This Friday, Charlie Barder came to talk to the Shackleton society about his experience of the 2017 Mongol Rally – a gruelling 4 week experience in which competitors drove from Goodwood race track in England to Western Siberia, over 8000 miles away.

Mr Barder gave the audience a chronological account of his journey, starting with a vague suggestion at a dinner party one night, ending half way around the world. He completed the trip in what is known at the Kazakhstani taxi driver’s car of choice – a Fiat Doblo, and alongside him was his travel companion, Jonathan Tucker. After travelling through the relatively easy and familiar parts of Western Europe, things started to change in terms of culture as he entered parts of Eastern Europe.
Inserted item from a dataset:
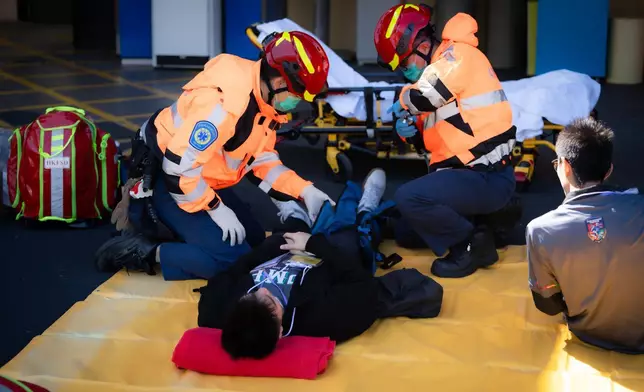 Police Hong Kong Island Regional Headquarters conducts inter-departmental exercise to enhance response capabilities  Source: HKSAR Government Press Releases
The art forms particularly caught his eye, featuring both giant tributes to soviet era leaders and ideals, and smaller scale tributes to the working people of the USSR.

It would not be a Shackleton society talk of course without some aspect of soul-crushing hardship. And this hardship came in the form of the difficult driving conditions. After rising at 5am every morning, Mr Barder and his partner would average only 14mph every day in countries like Kazakhstan due to the dire road conditions. This issue was compounded by insufferable temperatures, a lack of air conditioning and an equally insufferable driving companion at times (such as when crossing a border it was revealed that their insurance did not cover them for any rally, and thus they were driving illegally).

After driving through this part of the world, the transition was made into Russia and Mongolia. While Russia was certainly more picturesque than anticipated, the scenes of Mongolia were other worldly. Slides were shown of herds of yaks and wild horses superimposed upon a sprawling background of mountains, deserts and grasslands. The journey however, had to come to an end as he left Mongolia to reach the finish line in Siberia, where he received a wooden spoon as the prize for his first place finish of the race.

Throughout the talk there was an ever-looming presence of the Chernobyl power plant. Mr Barder shared his experience of walking through the ghost town of the plant, and shared some of the lesser known secrets of it, such as its missile response system that was active until 2010 in fear of US missile talks.

All this made for a fantastic talk to a packed 6 Cannon Yard, and hopefully it evoked the adventurer inside some of the audience who may wish to try this themselves.